Scrap is here to stay

Not all scrap is created equal. With our DBscrap-solution programme, we are keeping the steel-recycling chain intact so material will continue flowing to German steel producers. More than 4 million metric tonnes of scrap are returned to blast furnaces this way each year so new products can be made.

 Railways bolster steel recycling

Derichebourg Umwelt and DB Cargo join forces for a more sustainable raw materials life cycle.

Steel can be recycled over and over without any loss. The steel industry in Germany alone uses over 20 million tonnes of steel and iron scrap every year to manufacture new products. This is where the approach developed by scrap dealer Derichebourg Umwelt GmbH and implemented together with DB Cargo comes in. The objective is to strengthen the link between sustainable steel recycling and sustainable rail transport.

To put this approach into effect, Derichebourg Umwelt, a recycling specialist, entered into close cooperation with the freight operating company. Derichebourg serves as a link between suppliers and customers, receiving various types of scrap from all over Europe and supplying steel plants with raw products sorted by type. It takes in the scrap at its sites in Nuremberg, Neumarkt, Karlsruhe, Reuth and Zwickau, and processes it with state-ofthe-art equipment and high-performance machines like presses, shears and shredders.

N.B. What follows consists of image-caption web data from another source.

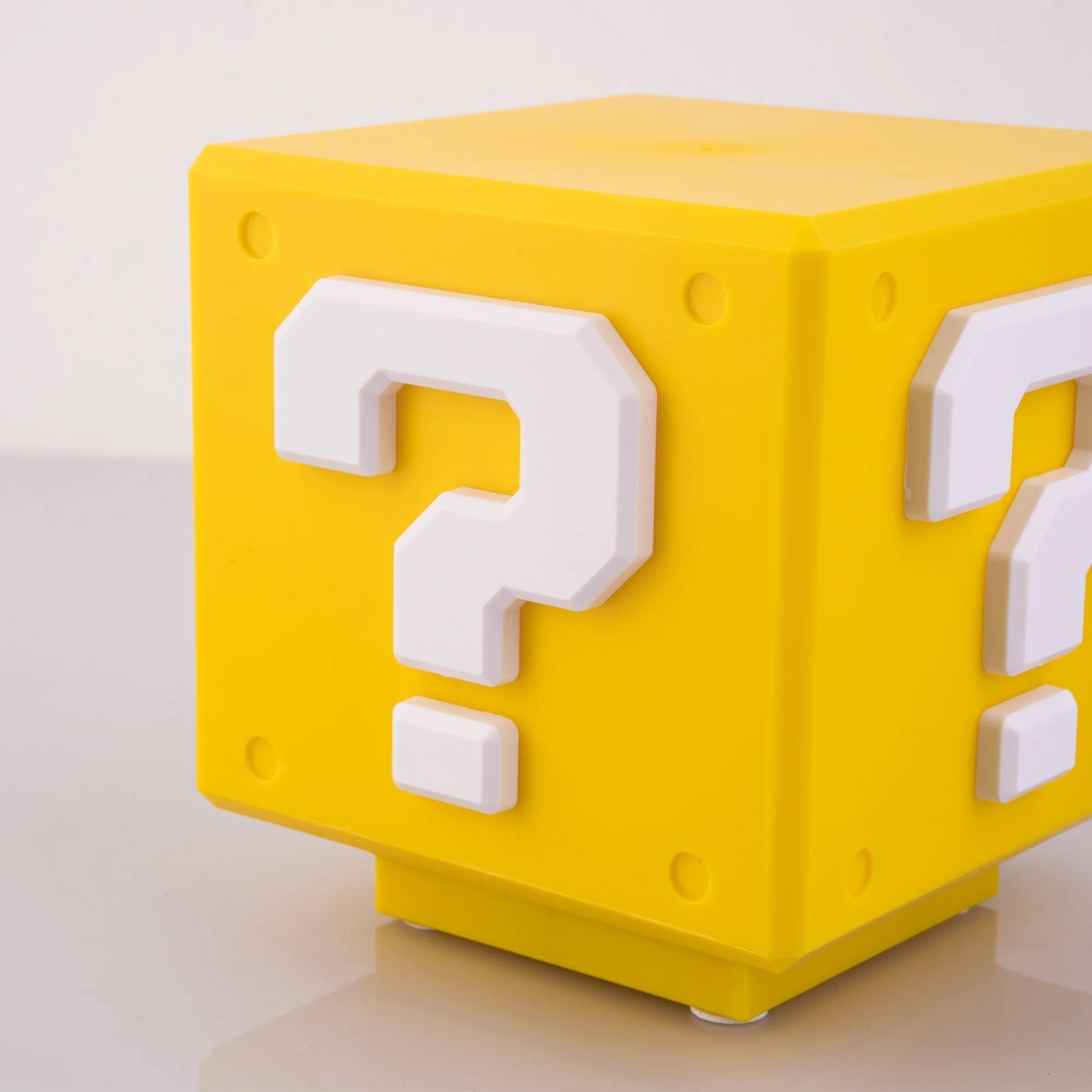 Power-Up Block Nachtlampe - Super Mario-inspirierte Spieldekoration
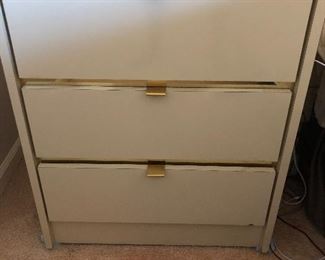 Night Stand there are 2  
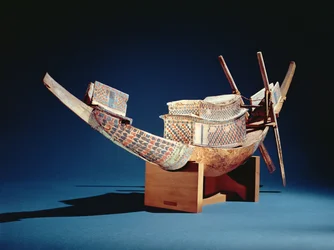 Redusert modell av en båt fra Tomb of Tutankhamun, New Kingdom, ca. 1347-37 f.Kr. (tre)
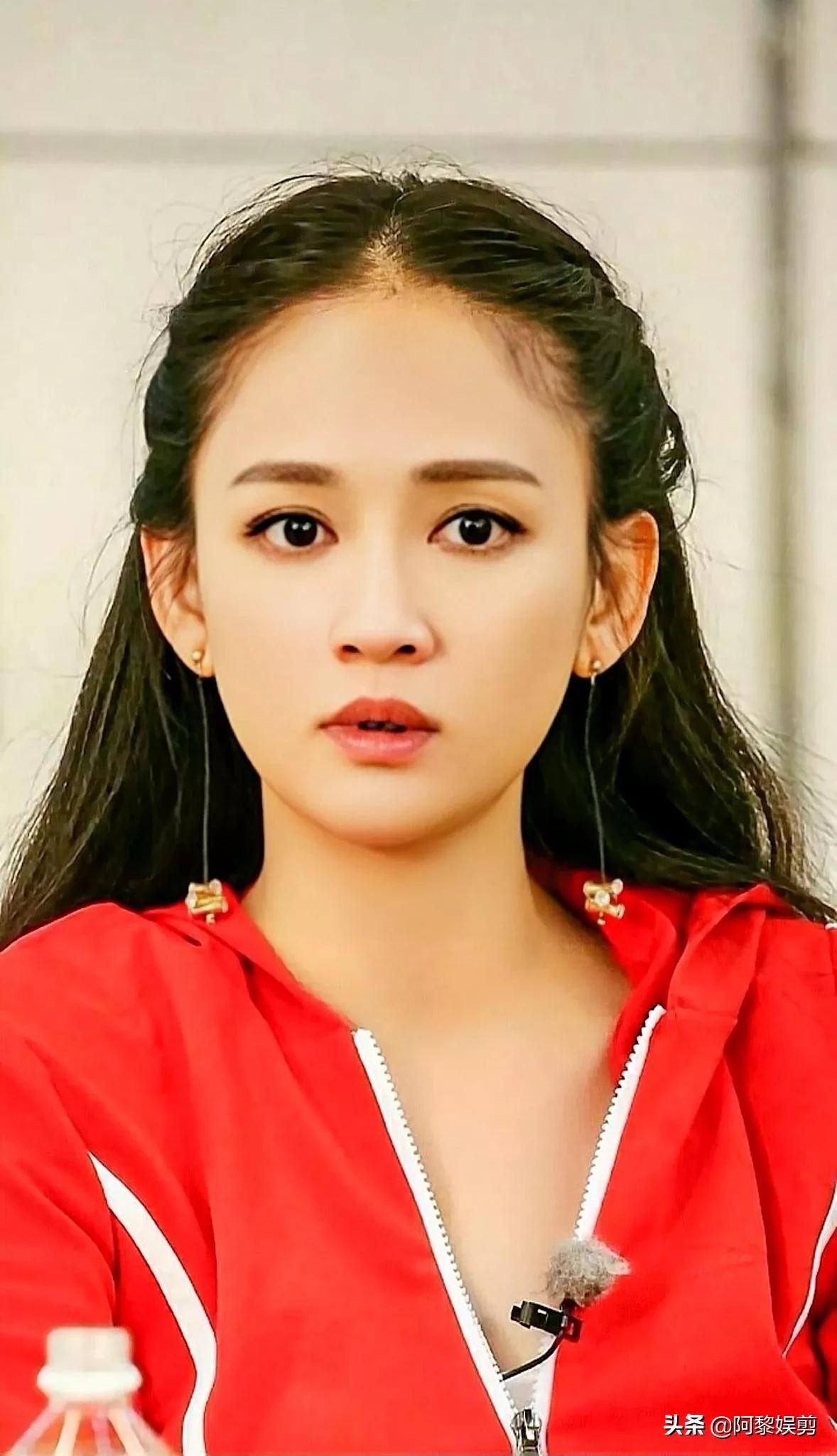 陈乔恩肤白貌美，好有气质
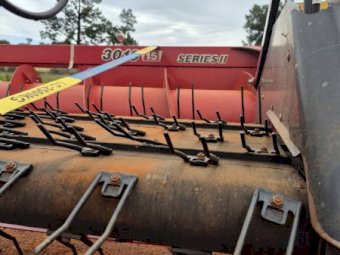 2022 Case IH 3016 Pickup Front with Trailer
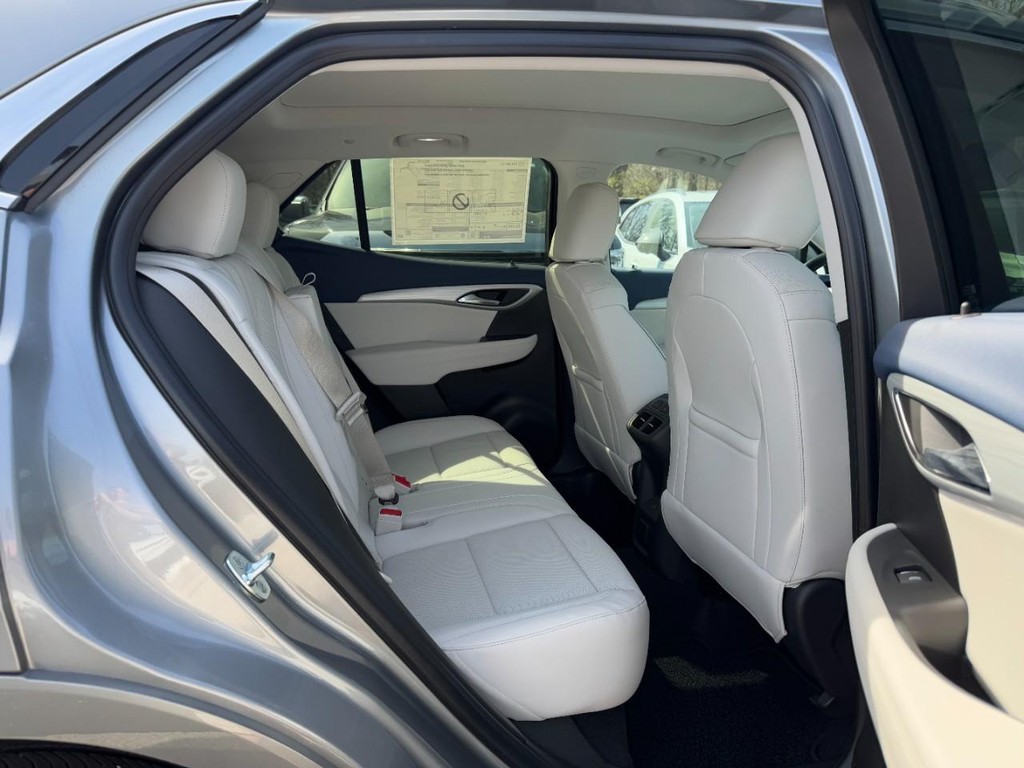 Buick Envision Vehicle Image 05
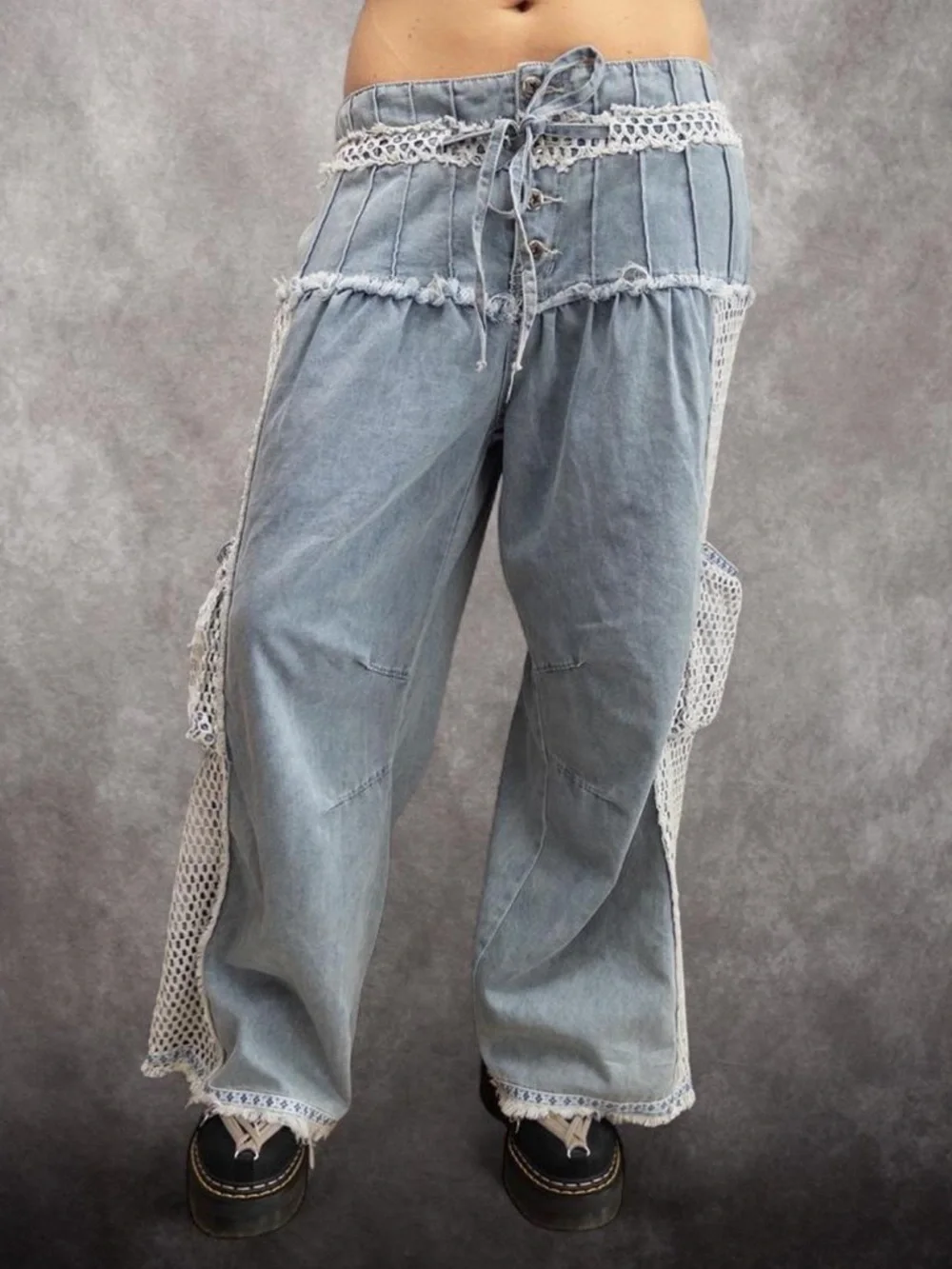 NWT POL Lace Overlay Mesh Cargo Denim Jeans Size Large - Picture 2 of 6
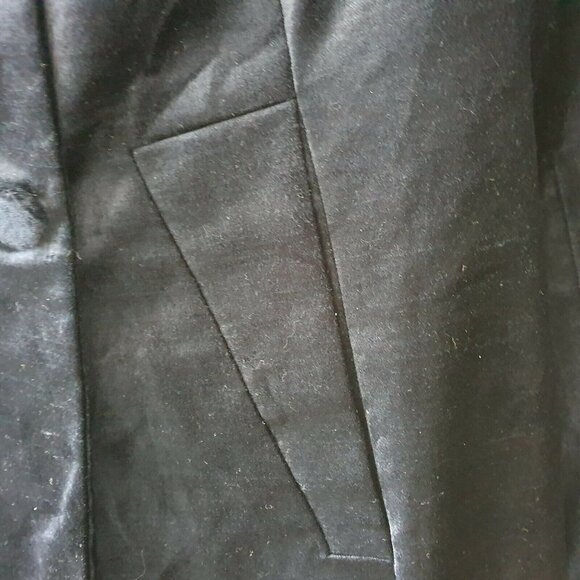 CAbi The Entrance Coat Velvet Buttons Navy - Picture 5 of 9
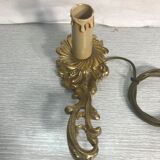 Lampe de table dans le style d'un bougeoir ancien électrifié et en bronze doré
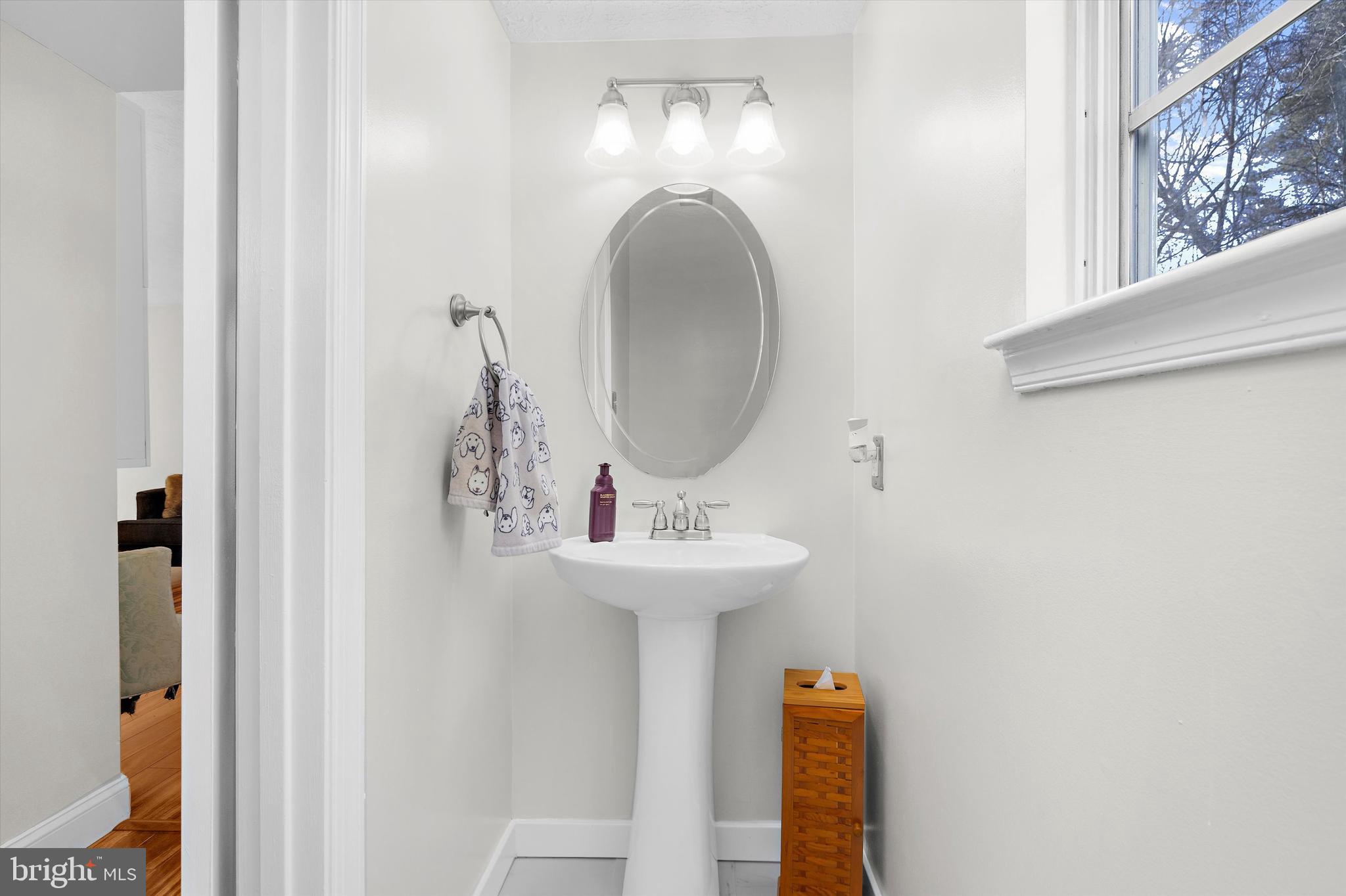 RIDGEFIELD - Residential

Part of the economic cycle

The high-performance recycling facilities boast state-of-the-art technology and are able to extract high-value secondary raw materials from the products that are collected, making scrap into a new raw material for industrial customers to use in their production. “Steel recycling is an indispensable process in recycling management for Derichebourg”, explains Andreas Fritsch, Managing Director of Derichebourg Umwelt. “By putting secondary raw materials back into the manufacturing life cycle, we are protecting existing resources, which delivers a strong contribution to environmental protection.”

For every tonne of steel and iron scrap that is used, 1.5 fewer tonnes of iron ore need to be extracted. Metallurgical slag can be used instead of limestone, gravel and other natural materials. Recycling steel not only conserves energy and resources; it also reduces emissions such as the greenhouse gas CO2. When one tonne of steel scrap is utilised, CO2 emissions fall by one tonne, as well. Thanks to steel recycling in Germany, more than 20 million fewer tonnes of CO2 are released into the atmosphere every year. That’s the same amount produced by Germany’s capital, Berlin, in one year.

The commitment to green transportation also fits into this framework. Derichebourg Umwelt wants to rely even more heavily on rail in Germany, and by extension, on DB Cargo. The freight operating company already transports 170,000 tonnes of Derichebourg Umwelt’s scrap all over Germany and Europe every year. That figure accounts for more than half of the recycling specialist’s total volume. Farther on down the line, this share is projected to climb even higher. “We want to grow together”, explains Wolfgang Rebhan, Account Manager Regional Sales in Nuremberg at DB Cargo. The focus is currently on the rapidly growing site of Reuth im Vogtland, where trains currently depart three times a week. In 2017, the volume of scrap at the site saw disproportionate growth. “We intend to keep investing here”, says Fritsch.

Sustainable investment

Wagon provision is a challenge for DB Cargo. After all, the freight operating company transports some 8.5 million tonnes of iron and steel scrap every year, a third of which has to cross borders. “Sometimes the long turnaround times make it hard for us to provide the right Ea wagons where they are needed quickly enough”, admits Rebhan. He says they are putting their heads together to produce a solution. For instance, DB Cargo will ramp up its investments in new locomotives and freight wagons in the coming years. “We want to put more cargo on rail and we want to collaborate with DB Cargo”, says Fritsch. It’s now about reliably providing the right assets, he says.